What most impressed me about the JA Company Programme was how professional it was, we didn’t pretend to run a company, we actually developed a real tax-regulated business! And the business community took us seriously. We were not considered just a bunch of kids trying to make money, we were regarded as problem solvers creating value for others. Ungt Entreprenørskap (or JA Norway) really taught the Norwegian business community about the importance of young entrepreneurs.
While the JA Company Programme helped shape and develop my business acumen, I believe the desire to become an entrepreneur always existed within me. For as long as I can remember I have been a creative and problem-solving type of person, both when it came to theoretical and practical challenges. While vacationing as a child, I remember developing my first “business,” which included dripping water on beach guests if they got too hot from the sun. My motivation? The 50 cents I charged per person, which I then could spend at the local toy store. So as a child, the motivation was to create value for myself, however, and as cliché as it may sound, as I got older the motivation began to move from myself to the people around me. Finally, when I realized that my skills and personal abilities were perfectly in sync with entrepreneurship, I decided that I was meant to become an entrepreneur.
Today, I am 22 years old, and CEO and chairman of my own company, the Intergenerational Meeting (Generasjonsmøtet M AS), actually the same company that I created during my second JA Company Programme! The idea behind the company was born from the distinct gap my colleagues and I noticed, that existed between the local community and our grandparents – seniors in retirement homes. This troubling gab between the two was leaving the elderly in isolation, mainly because they were no longer able to participate as actively in society as they had before, due to practical, physical and psychological reasons. As a consequence of this, we saw that retirement homes and the community at-large existed as two separate worlds instead of one.

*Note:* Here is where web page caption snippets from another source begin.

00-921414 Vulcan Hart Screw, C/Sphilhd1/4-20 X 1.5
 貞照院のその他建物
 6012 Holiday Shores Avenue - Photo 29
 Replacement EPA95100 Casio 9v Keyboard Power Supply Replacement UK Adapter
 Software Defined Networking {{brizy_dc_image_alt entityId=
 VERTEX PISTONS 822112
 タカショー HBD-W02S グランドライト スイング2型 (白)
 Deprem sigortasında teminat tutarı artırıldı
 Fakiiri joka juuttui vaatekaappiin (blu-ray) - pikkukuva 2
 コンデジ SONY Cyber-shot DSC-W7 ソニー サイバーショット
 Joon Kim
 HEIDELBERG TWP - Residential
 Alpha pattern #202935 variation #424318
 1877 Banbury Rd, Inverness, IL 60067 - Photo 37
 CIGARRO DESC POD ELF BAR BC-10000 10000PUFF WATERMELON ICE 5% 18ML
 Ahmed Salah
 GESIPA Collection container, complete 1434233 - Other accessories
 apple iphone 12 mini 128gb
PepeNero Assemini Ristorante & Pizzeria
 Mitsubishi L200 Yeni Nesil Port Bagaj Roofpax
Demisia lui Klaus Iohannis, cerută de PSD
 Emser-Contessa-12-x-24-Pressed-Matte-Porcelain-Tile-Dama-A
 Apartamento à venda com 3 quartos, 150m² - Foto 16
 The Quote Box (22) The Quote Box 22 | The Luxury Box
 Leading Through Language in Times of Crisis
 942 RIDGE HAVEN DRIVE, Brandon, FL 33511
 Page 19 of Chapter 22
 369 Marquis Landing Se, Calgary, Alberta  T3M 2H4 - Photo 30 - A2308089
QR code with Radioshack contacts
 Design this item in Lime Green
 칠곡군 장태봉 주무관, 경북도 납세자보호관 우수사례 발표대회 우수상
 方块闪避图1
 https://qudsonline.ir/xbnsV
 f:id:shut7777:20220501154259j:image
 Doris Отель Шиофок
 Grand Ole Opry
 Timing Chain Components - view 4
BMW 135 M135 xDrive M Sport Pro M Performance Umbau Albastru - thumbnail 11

Our solution was simple and effective. We enlisted our own friends to visit different homes during their weekends to share their lives and activities with the residents. By bringing both unknown and known activities together, both the young and old were able to exchange experience and knowledge. By doing this, we sought to close the gap of isolation, so that the retirement homes became less foreign to the youth, and the youth and society outside became less foreign to seniors. Retirement homes were soon willing to pay for this service, and today we have 15 part-time employees under the age of 20, all visiting different retirement homes in Oslo, Norway. The net profit is solid and the future looks bright for us!
I definitely attribute a major part of my current success to the JA Company Programme, as it was my first entrepreneurial experience and the place where I learned both the upsides and sacrifices one must make in order to be successful. It gave me the essential practice I needed in order to evolve into the business woman I am today and motivated me to think differently. Most importantly, the programme gave me a passion, without this opportunity I would be a student without a strong understanding of what I want to do in life.
As I wrap this up, I want to share one piece of advice to other young entrepreneurs: failure is as important as success. Don’t be afraid to fail, because failure contains some of the best lessons to help you grow into the best entrepreneur you can be. And when you fail – because most entrepreneurs do fail hundreds of times before finding one success – allow yourself to learn from it. And always move on, don’t get stuck on a failed venture or lost opportunities.
Finally, remember: Everyone can be an entrepreneur, it’s just a matter of self-confidence, belief in your idea, some essential business knowledge (JA can definitely help with this!) and your ability to take risks. The rest is just icing on the cake!